The cloud simplifies underlying technology, as well as the administration of it. “By implementing cloud solutions, organizations eliminate the high procurement, implementation, and administration costs—all infrastructure and maintenance is included in the service cost,” said Chris McNabb, general manager of Dell Boomi, which provides an integration solution built in the cloud.
Cloud Agility and Speed
Beyond the simplicity, cloud offers much more to enterprises. It has become “a vital and highly reliable way to increase business agility and accelerate business processes,” McNabb pointed out. “A cloud-first IT strategy makes organizations more agile for consumers of their enterprise services—whether they are employees, customers, or supply chain partners. These organizations are simply able to get more done—faster.”
This speed to market is an enabling force in decision makers’ ability to act quickly on opportunities. “Gone are the days of requisitioning a database server and waiting weeks or months for it to be provisioned,” said Amrith Kumar, an active technical contributor to and a member of the core review team for Trove, the database as a service project for OpenStack, as well as the founder and CTO of Tesora. “A fully-configured and managed database server can be available on-demand in minutes. Users simply request database instances along with additional instances with replication or clusters for scalability. Trove then orchestrates the process by provisioning compute, storage, and other resources necessary through underlying OpenStack services such as Nova for compute and Cinder for storage.”

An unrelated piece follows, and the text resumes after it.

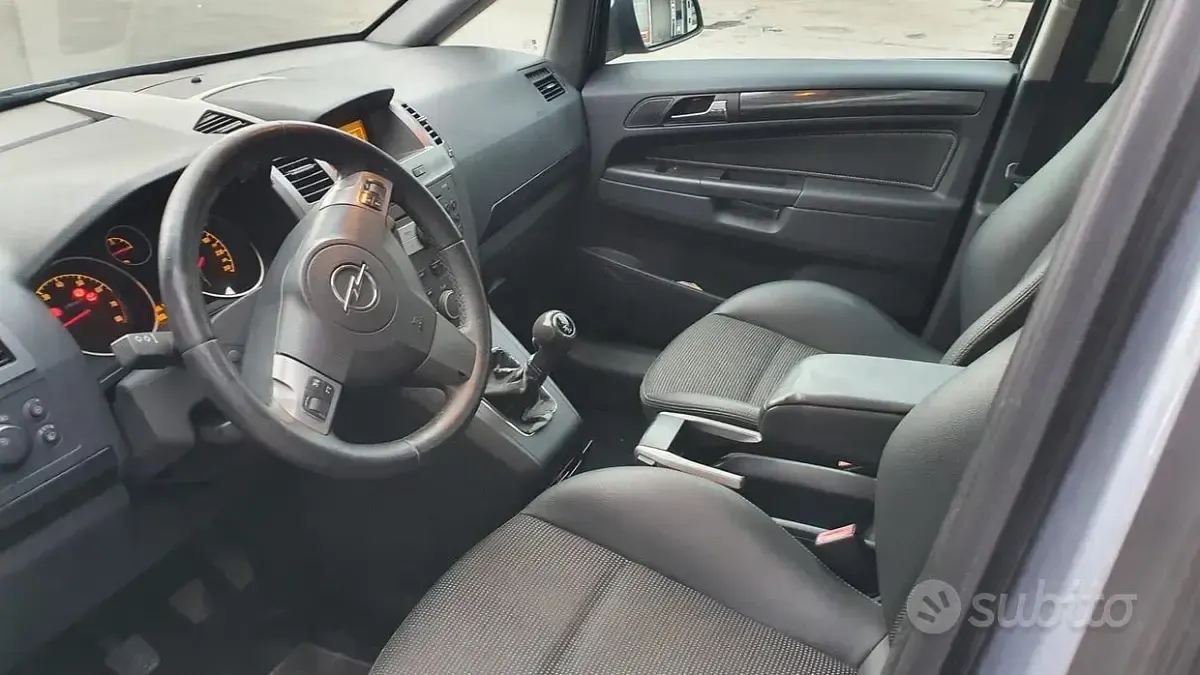 Usata Opel Zafira Cosmo 105 CV (77 kW) 2007 Grigio Monovolume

This also means a dramatic shift away from storing and maintaining mission-critical data in databases in data centers,” said Tim Coats, director of innovation research, of Trace3, a provider of business transformation solutions. “These were often large, monolithic systems from the likes of Oracle, IBM, or Teradata. But these databases are expensive, complicated, and often very fragile. They took armies of highly skilled—and expensive—resources to maintain, and yet the projects they were associated with often took years and inevitably ran over budget. They were the anchors of the IT organization, which meant they prevented the business from being very agile.”

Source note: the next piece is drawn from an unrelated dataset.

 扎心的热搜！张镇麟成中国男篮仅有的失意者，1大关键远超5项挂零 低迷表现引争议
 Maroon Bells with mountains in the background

The bottom line is that cloud economics represents a new way of doing business that can’t be ignored. “There aren’t many enterprises that can spend billions building globally-redundant data centers,” said Greg Arnette, founder and CTO of Sonian, a provider of cloud-based archiving solutions. “Thanks to public clouds, anyone can rent them. There is also something to be said for dynamic scalability—use 10,000 nodes when you need them and idle them when you’re done. You simply can’t do that with on-premises equipment—at least not cost-effectively.”

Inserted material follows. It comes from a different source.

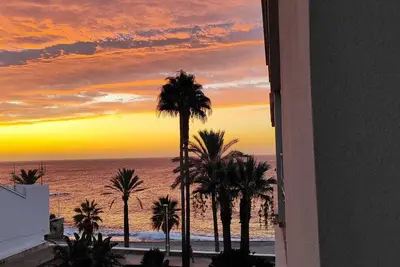 Image de Beautiful sea views on the beachfront - private parking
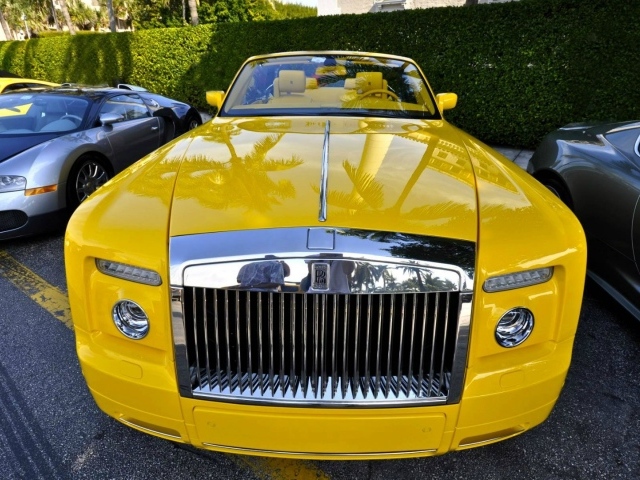 Желтый Rolls-Royce Phantom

Such faster speed to market has broad implications for organizations seeking to become a bigger part of the digital economy. “Enterprises must connect all of their digital customer interactions with their core customer data,” said Chris Purpura, VP of digital enterprise strategy for MuleSoft, a provider of an integration platform for connecting SaaS and enterprise applications in the cloud and on-premise. “The entire customer life cycle has become omni-channel, meaning social, mobile, web, and physical are all being connected, analyzed, and acted upon in real time through the use of connected data.”
Innovation is another driving factor behind cloud growth, McNabb added. “They can also plan, develop, test, throw out, and start over again in a matter of weeks or months instead of locking themselves into a risky and expensive long-term strategy that may not pan out.”